The closure of $B$ is extremely interesting and weird. Remember that $\bar B$ is made of all the limits of sequences from $B$. Fortunately, since $B$ contains a single point, there is a single sequence living in $B$, namely the constant sequence $2, 2, 2, \dots$. Unlike what you expect, the limit of this sequence is not just $2$! Consider an even number $2n$. Pick any open subset containing it; this open subset will then contain all the divisors of $2n$, so in particular it will contain $2$. Any neighbourhood of $2n$ contains the terms of the sequence! This shows that every even number is a limit point for it, which in particular shows that this topology is not Hausdorff. It follows that $\bar B = \{0, 2, 4, 6, \dots\} = \{ 2n \mid n \in \Bbb N \}$.
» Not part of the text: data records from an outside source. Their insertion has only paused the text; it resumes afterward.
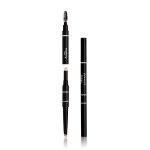 Sisley Phyto Sourcils Design 3v1 Brow Architect Pencil tužka na obočí Cappuccino 2 x 0,2 g – Zboží Dáma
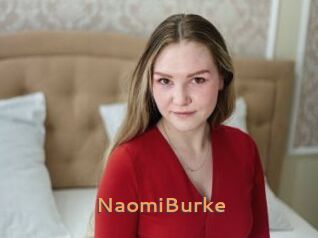 NaomiBurke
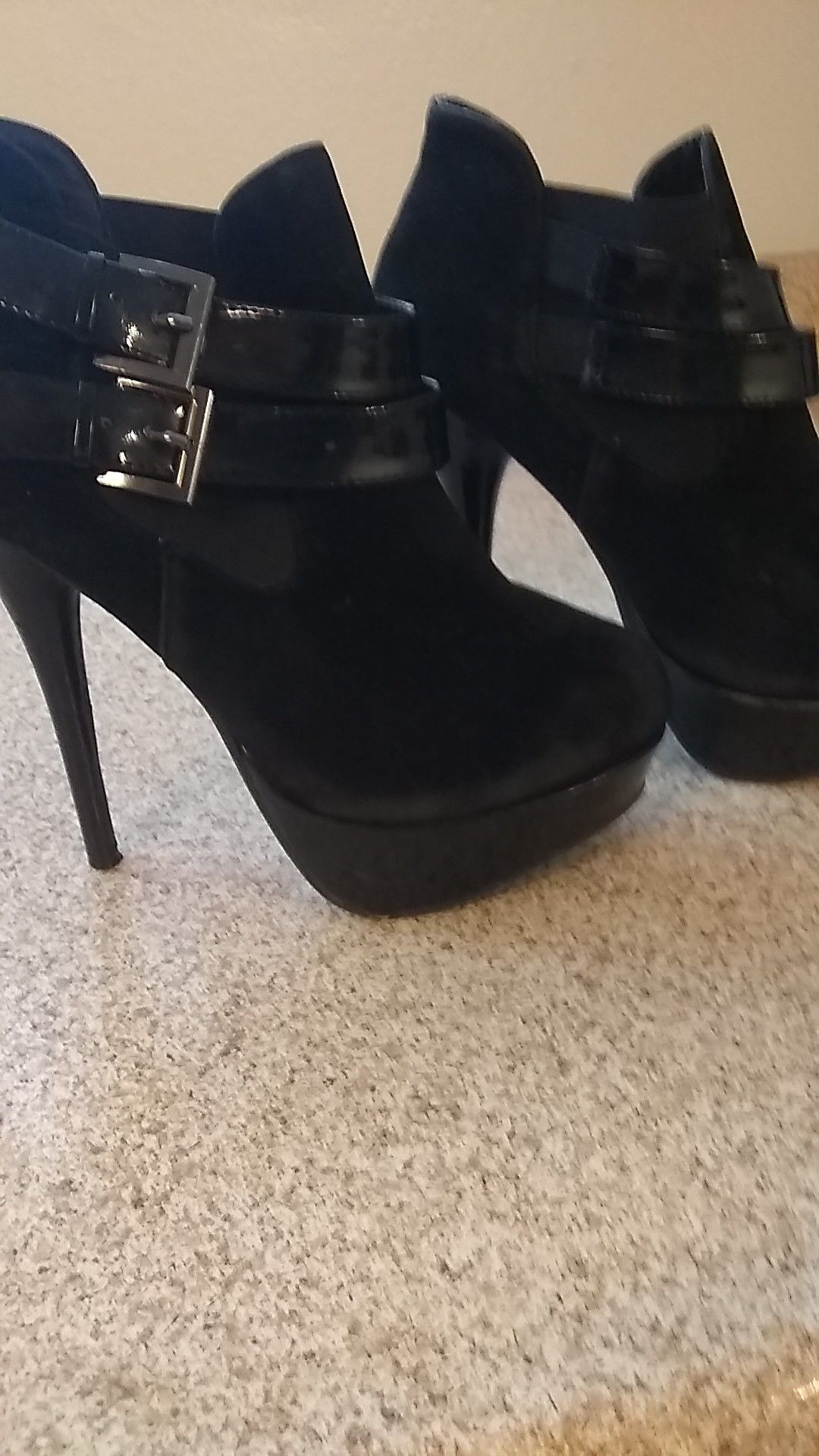 Size 6 1/2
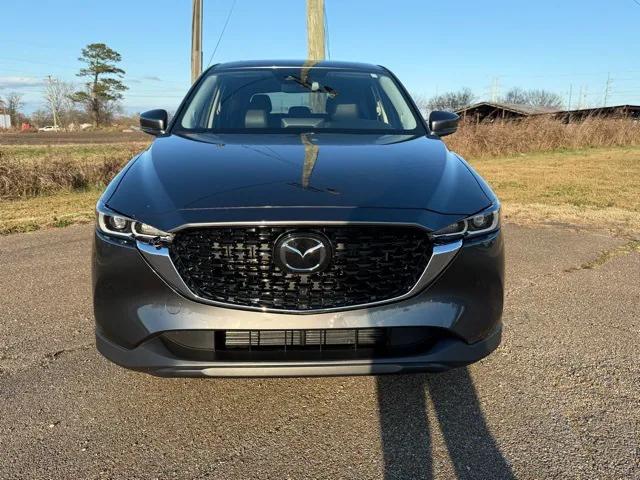 2022 Mazda CX-5 2.5 S Preferred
It immediately follows that $\partial B = \bar B \setminus \mathring B = \{ 2n \mid n \in \Bbb N \}$.
Now, remember that $B'$ is the set of limits of non-constant sequences from $B$. Since the only sequence from $B$ is constant, it follows that $B' = \emptyset$.
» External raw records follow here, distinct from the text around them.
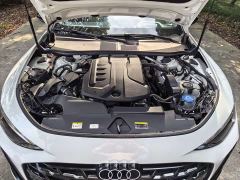 Audi A6L 2.0T quattro Prestige - ფოტო 16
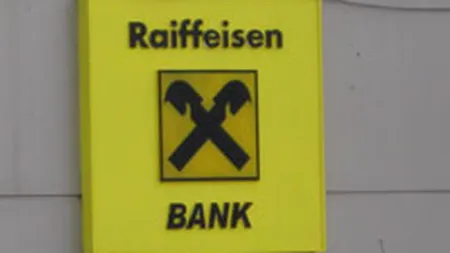 Clientii Raiffeisen Bank nu vor putea utiliza cardurile de debit in noaptea de 24 spre 25 septembrie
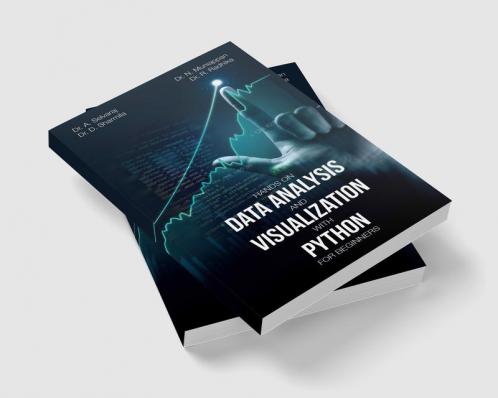 Hands on Data Analysis and Visualization With Python for Beginners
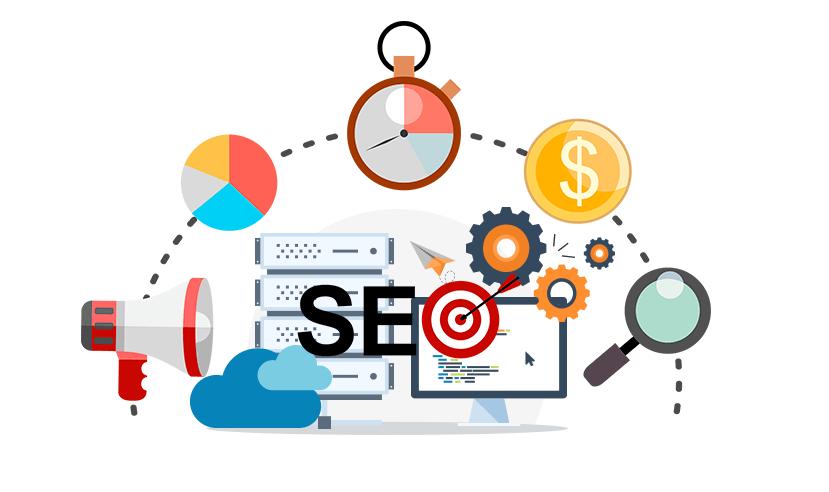 Local SEO Agency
It follows immediately that the set of isolated points is $\bar B \setminus B' = \{ 2n \mid n \in \Bbb N \}$.
The exterior of $B$ is, by definition, $\Bbb N \setminus \bar B$ (the odd numbers).
The conclusions hold almost verbatim for every subset made of a single natural number.
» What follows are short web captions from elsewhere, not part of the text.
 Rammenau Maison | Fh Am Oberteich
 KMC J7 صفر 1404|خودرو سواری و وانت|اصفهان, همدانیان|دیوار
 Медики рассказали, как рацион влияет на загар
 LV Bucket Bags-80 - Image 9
Let us finally study $A$. Remember that the interior of a set is the largest open set contained in it. The subsets of $A$ are $\emptyset, \{1\}, \{3\}, \{4\}, \{1,3\}, \{1,4\}, \{3,4\}, \{1,3,4\}$. Of these, the subsets containing $4$ do not also contain $2$ (which divides $4$), so they cannot belong to the topology. Of the remaining ones, the largest one is abviously $\{1,3\}$, so $\mathring A = \{1,3\}$.
The closure is easier: just remember that the closure commutes with finite unions, so
$$\overline {\{1,3,4\}} = \overline {\{1\}} \cup \overline {\{3\}} \cup \overline {\{3\}} = \{ 1 \cdot n \mid n \in \Bbb N\} \cup \{ 3 \cdot n \mid n \in \Bbb N \} \cup \{ 4 \cdot n \mid n \in \Bbb N \} = \\
\Bbb N \cup 3 \Bbb N \cup 4 \Bbb N = \Bbb N ,$$
where for each set made of a single number I have applied the result obtained previously for $B$.
It immediately follows that $\partial A = \bar A \setminus \mathring A = \Bbb N \setminus \{1,3\}$.
The derived set, too, commutes with finite unions, so $A' = \{1\}' \cup \{3\}' \cup \{4\}' = \emptyset \cup \emptyset \cup \emptyset = \emptyset$, where again I have used the result obtained for $B$.
The isolated points are $\bar A \setminus A' = \Bbb N$.
The exterior is just $\Bbb N \setminus \bar A = \emptyset$.